Along with ground observer crews, radar stations provided warning of an impending Luftwaffe air strike and allowed the British to prepare for conflict. The British were further aided by Polish intelligence officers who had broken the German military cipher. Under the code name Ultra, British and Polish cryptographers worked to decoded information about Operation Sea Lion. As fighting intensified both sides had significant losses, but during the first week of September, Germany gained an edge as the Luftwaffe disabled more planes than the British could replace.

Unaware of their current advantage, Hitler abandoned raids on British air bases due to the Luftwaffe’s significant losses. Instead he decided to focus strictly of massive attacks on London in order to break civilian morale. The Luftwaffe relentlessly assaulted Britain, yet it remained clear that German bombs were neither clearing the skies nor breaking the citizens morale. On September 17, Hitler cancelled Operation Sea Lion and ordered the Luftwaffe to shift to night raids. London and other British cities faced sporadic raids until May 1941, but “for all practical purposes the Battle of Britain was over by the end of October 1940.

” (Wall 162) The British stood strong and successfully repelled the Reich’s drive to eliminate Britain from the war. As the Battle of Britain came to its conclusion, Hitler and the Reich were on the move yet again. On March 25, 1941, Germany was forced to re-establish rule in Yugoslavia after anti- German army officers seized power in Belgrade and refused the use of Yugoslavian railroads by the Germans. (Wall 165) With the use of the Luftwaffe, Germany was able to drastically weaken the opposition and Yugoslavia fell in eleven days. As German forces moved into southern Europe they encountered battered Greek resistance.

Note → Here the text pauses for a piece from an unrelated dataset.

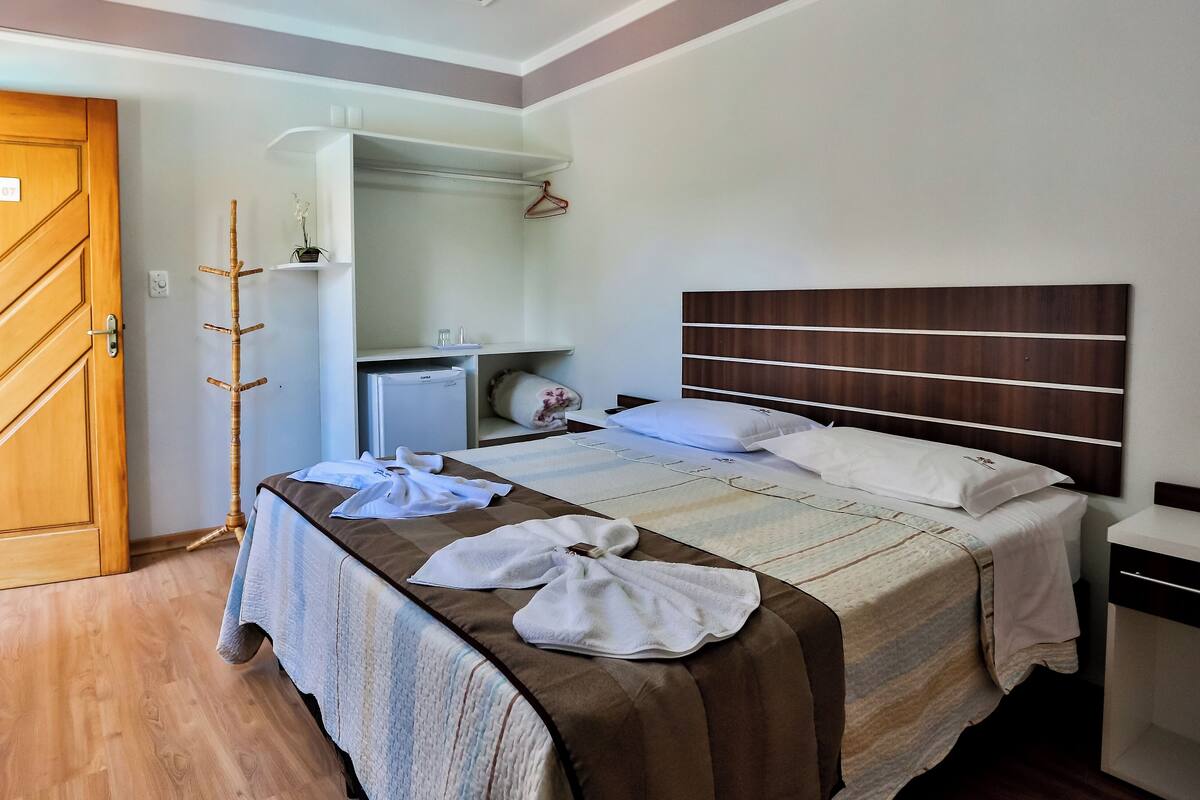 A hotel room with a bed, a wardrobe, a desk, and a mirror.
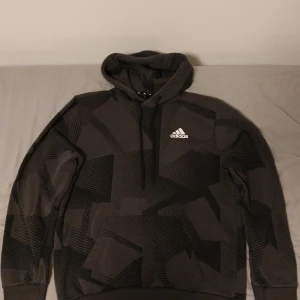 Svart/Grå tracksuit från Adidas - Säljer en svart/grå tracksuit från Adidas med ett geometriskt mönster. Tracksuiten är lite loose av sig, hängig och bra för en avslappnad stil.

Successfully capturing Greece, the German forces embarked on their final campaign in the south on May 20 as they invaded Crete. After a month of heavy fighting the opposition surrendered. Germany had struck a devastating blow to the British, capturing or killing around 14,000 men. The victories in southern Europe proved to Hitler that “Wehrmacht’s manpower and firepower had increased quantitatively and qualitatively, making [it] one of the most formidable in European history. ” (Keegan 173) The idea of fighting a two- front war no longer fazed Hitler; he was ready to declare war on the Soviet Union.

Victories over France and smaller European nations led Hitler to believe that he would encounter the same success in the conquest of the Soviet Union, formally known as Operation Barbarossa. The attack on the Soviet Union began in the early hours of June 22 and continued throughout the day. Just as Germany had done in previous invasions, the initial attacks on the Soviet Union were by air and concentrated on Russian airbases. Approximately one quarter of the Soviet’s entire air force was lost in the first day. Over the first weeks of conflict, the Red Army lost an additional 2,000 to 3,000 aircrafts in battle.

The German forces proceeded to roll through the Soviet Union delivering devastating blows one after another. After encircling the city of Leningrad, in an attempt to slowly starve it to death, Hitler shifted several tank divisions to capture the Ukrainian capital. Seven days after the orders to cease the advance on Leningrad, Germany captured Kiev and captured nearly half a million Soviet troops. As the German advance approached Moscow, their progress was impeded by man made trenches less than twenty miles from the Kremlin.

Overwhelmed by strong defenses, frigid temperatures, and harassment by Russian partisans behind their lines, the Germans advance was finally stopped. On December 8, 1941, Hitler ordered German forces in Russia to shift from offensive, to defensive operations. For the second time in the war, a German advance was prevented. The Soviet stand shifted the tide of the war and lead to Germany’s eventual defeat. Having drained resources, hurt morale, and diverted military force from Western Europe, the ill-advised invasion ultimately made it possible for the Allies to invade France in 1944.